Problem description:
Copy every entry below exactly as it appears, leaving out the images.

Caption-style text data
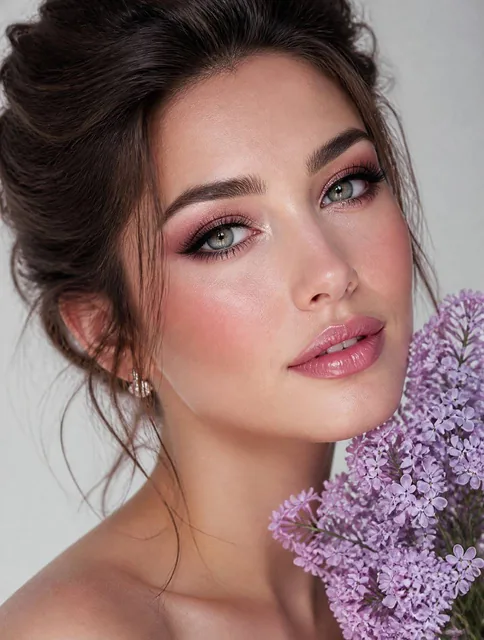 Create a hyper-realistic extreme close-up portrait with a strong emphasis on makeup and fine details. She is posing in a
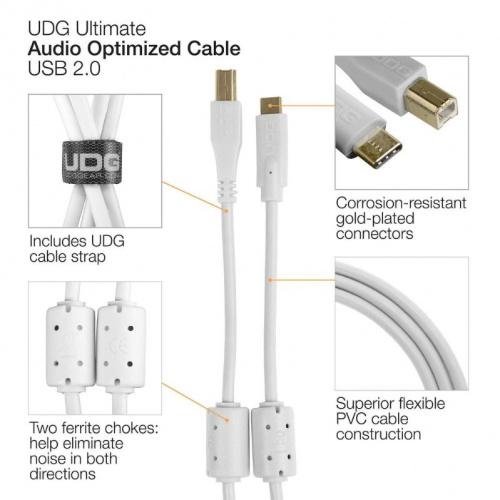 Кабель UDG Ultimate Audio Cable USB 2.0 C-B White Straight 1,5m  - JCS.UA фото 3
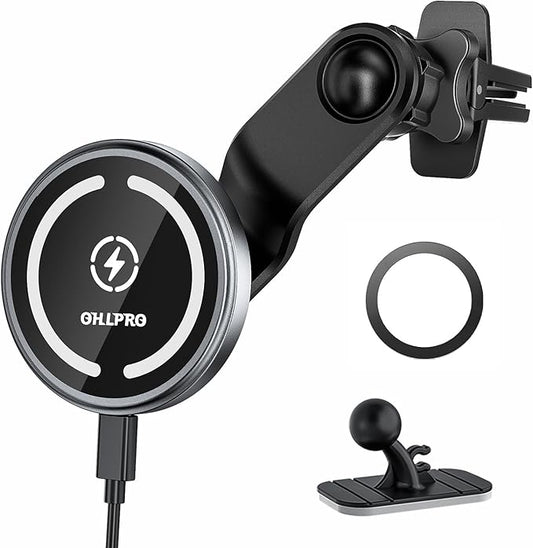 OHLPRO Compatible with MagSafe Car Mount for iPhone 16, Magnetic Wireless Car Charger with Extended Arm, Never Block Vents for iPhone 15/14/13/12 Serie, 15W Fast Charging Mag Safe Phone Holder, Grey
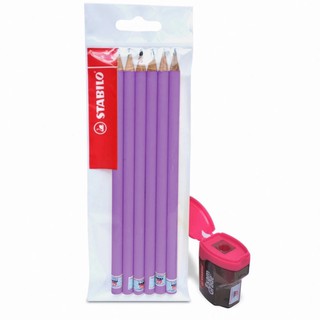 Bộ 6 cây bút chì gỗ STABILO Schwan Pastel 2B + chuốt chì PS4538 (PC421-C6S)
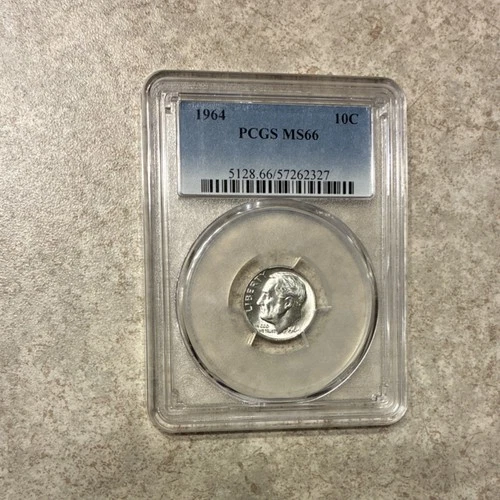 1964 Roosevelt Dime 10C PCGS MS66 Uncirculated US COIN 90% SILVER RARE
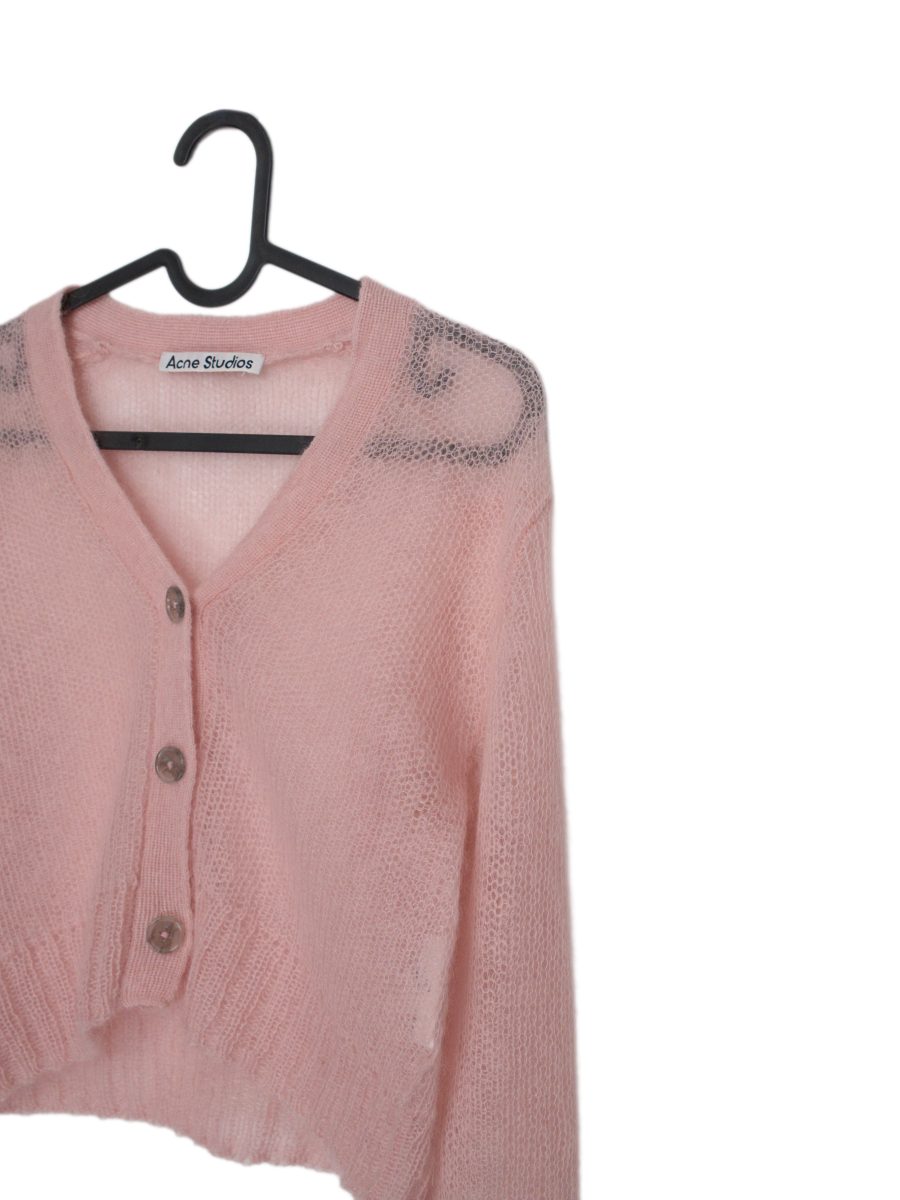 Acne Studios Kodilia Pink Mohair Cropped Womens Cardigan — photo 3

Task result:
 Create a hyper-realistic extreme close-up portrait with a strong emphasis on makeup and fine details. She is posing in a
 Кабель UDG Ultimate Audio Cable USB 2.0 C-B White Straight 1,5m  - JCS.UA фото 3
 OHLPRO Compatible with MagSafe Car Mount for iPhone 16, Magnetic Wireless Car Charger with Extended Arm, Never Block Vents for iPhone 15/14/13/12 Serie, 15W Fast Charging Mag Safe Phone Holder, Grey
 Bộ 6 cây bút chì gỗ STABILO Schwan Pastel 2B + chuốt chì PS4538 (PC421-C6S)
 1964 Roosevelt Dime 10C PCGS MS66 Uncirculated US COIN 90% SILVER RARE
 Acne Studios Kodilia Pink Mohair Cropped Womens Cardigan — photo 3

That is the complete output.